日の国の法
──それが、「日の国の法」だった。
ノストラダムスの予言詩の一節に、こうある。
> 「日の国の法と金星の法が競い合う時、時代は終末を迎える」
長らく人々はこの一句を謎とし、語り継ぐだけで実体には迫れなかった。だが、その答えは意外なほど身近な、しかし誰もが気づかぬ深遠の場所に眠っていた。
それは、はるか太古──天照大神がこの地に授けたとされる秘儀、「息吹き永世の法」。
私は若き修行の身であった頃、一度だけその法の一端に触れたことがある。だが、当時の私は未熟で、それをただの古神道の儀式としか見做せなかった。まるで使い古された型、形骸化した風習。
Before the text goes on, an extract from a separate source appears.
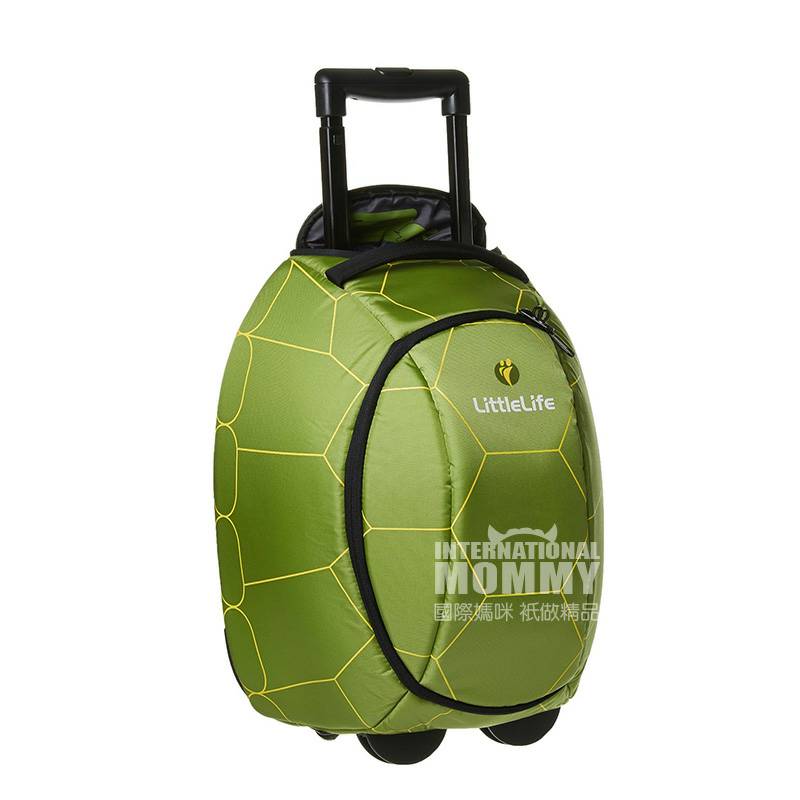 LittleLife 영국동물모양트롤리케이스해외버전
心に残ることもなく、やがてその記憶は私の内奥からも消え去った。
──すべては、あの日まで。
クンダリニーが突如として目を覚ましたあの瞬間、世界は一変した。
天から雷鳴が落ちたかのような衝撃。呼吸をするたび、胸の奥に氷の刃が突き刺さるような寒気が走り、次の瞬間には脊髄の奥底から噴き出す熾火のような熱が、私を焼き尽くしていく。
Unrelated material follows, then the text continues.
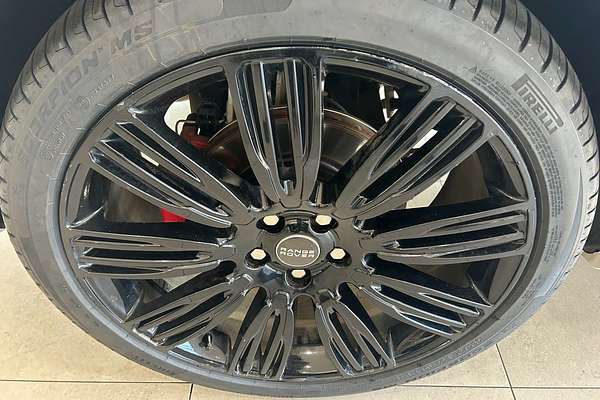 2017 Land Rover Range Rover Sport TDV6 SE L494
息を吸うごとに冷え、吐くごとに灼ける。天地の極が私の内に出現し、せめぎ合っていた。
「あ……ッ!」
思わず叫び声を上げた。細胞一つ一つが引き裂かれるような感覚──だが、それは恐怖と同時に、どこか懐かしくもあった。まるで忘れ去られた祖先の記憶が、血と骨を通して呼び戻されてくるかのように。
そして、悟った。
この呼吸こそが、「息吹き永世の法」だったのだ。
それは単なる技ではなかった。肺と心臓は極限まで鍛えられ、血流は清らかに循環し、肉体はまるで神の器のように変貌する。精神は深い静寂に包まれ、意識は透き通った光に満たされる。定(じょう)に入り、極みに至れば、人は神と一体となり、三百年の寿命すら得られる──古の記述にそう記されていたことを、私は思い出した。
私は再びこの法を追い始めた。
古代神道の行法に、クンダリニー・ヨーガのチャクラ理論を融合させた新たなる修法。言葉では到底語り尽くせぬ精妙な秘術。誤れば命すら落とす、諸刃の剣。
──だが、それでも、私は願ってやまない。
この国に、再び神の息吹が蘇ることを。
失われた「日の国の法」が、再び時代を照らすその日を。